When you’re binding or preparing dynamic SQL, the DB2 optimizer figures out an access path based on the estimated costs of different access methods. For single table SELECTs, choices are limited, and though they may be wrong due to skewed statistical data, the extra costs are usually tolerable. When multiple tables are JOINed, data skew may cause serious performance degradation because the optimizer might choose the wrong outer table or join method for the size of the intermediate result set. This happens because the optimizer makes assumptions about the filter factor, which is the proportion of data returned from the evaluation of a predicate. It assumes, for example, the filter factor of an EQUALS predicate would be 1/CARDF.
For correlated columns and skewed data, most predicates have a lower selectiveness; they return more rows than DB2 would expect at that stage of the execution. Typical examples of correlated data are CITY, STATE and ZIPCODE, or FIRSTNAME and GENDER in a customer table. After applying a predicate such as CITY = :hostvar-city, the predicate STATE = :hostvar-state won’t exclude many columns.
Figure 1 shows the SQL I found on a customer’s production system (slightly modified for anonymity). Figure 2 shows the corresponding EXPLAIN output before and after applying column distribution statistics. In this example, you can see data skew on single columns. While HIGH2KEY could address the special TERM_DATE for a customer account from normal RUNSTATS, the optimizer would still assume that ENTRY_TYPE ‘B’ occurs as often as any other one and plan the access path accordingly. Since a nested loop join is efficient only on small result sets, the access path is changed to a merge scan join that has better characteristics on bigger result sets. The choice of the outer table may or may not be a consequence of the access method, but is less significant with merge scan joins anyway. Further examples and explanations can be found in Tom Moulder’s article.
Deleting Obsolete Statistics
No matter how you gather your distribution statistics, you should know how to get rid of them. Because column correlation statistics are comparatively expensive to create, you might not want to apply your normal maintenance cycle to them. That’s probably why IBM chose not to delete old column distribution statistics when you perform a RUNSTATS without special options. To remove statistics, specify the FREQVAL or COLGROUP options with a COUNT 0 or just delete the obsolete data from SYSCOLDIST. Since it only needs to scan index data in sorted order, RUNSTATS will be faster with the FREQVAL specifications than with the COLGROUP statistics.
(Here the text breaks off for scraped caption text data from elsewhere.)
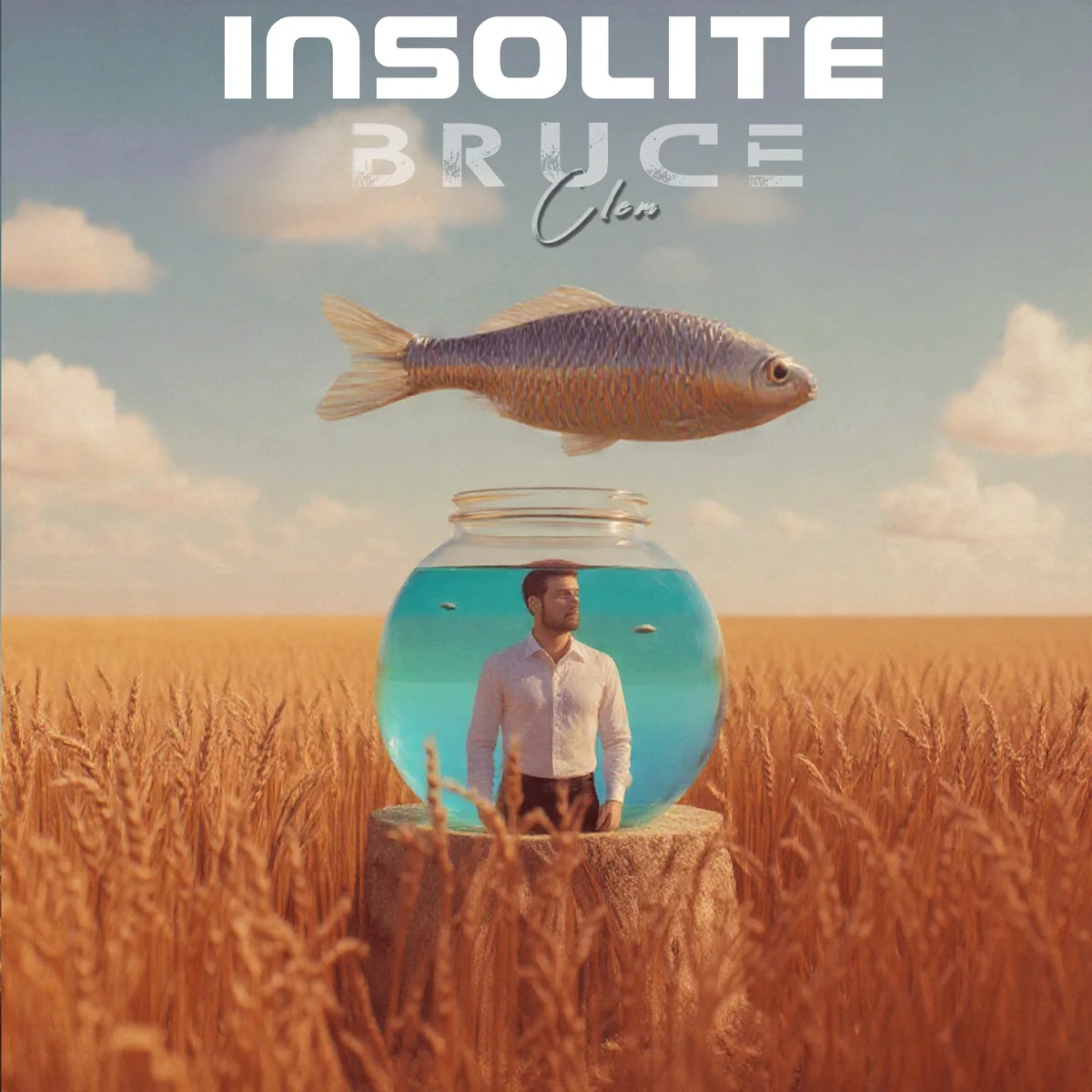 Pochette du thème in SO LI te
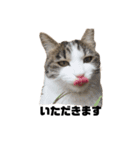 cat'sのつぶやき（個別スタンプ：5）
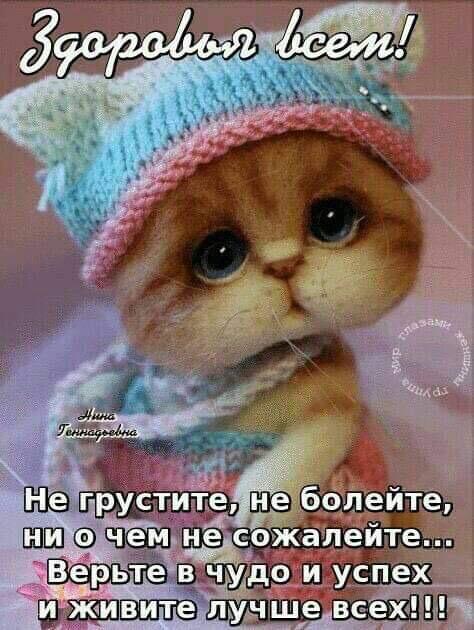 Стратегия 60%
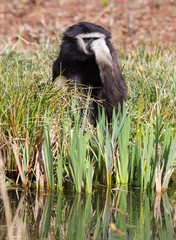 Adult white handed gibbon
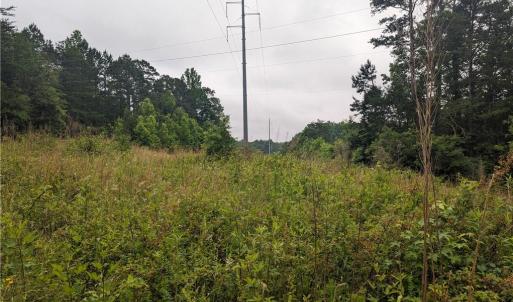 Photo #4 of Harper, Clemmons, NC 12.0 acres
When using the COUNT 0 method described above, you should take additional measures after dropping or changing indexes because SYSCOLDIST will still hold data related to the columns that used to be leading index columns. So you might end up with outdated statistics, since those entries aren’t automatically updated or deleted in all cases. (You typically change indexes via a DROP followed by a CREATE statement containing the refined design.) To be sure your statistics remain up-to-date, verify the content of your SYSCOLDIST table after index changes when you use RUNSTATS with FREQVAL.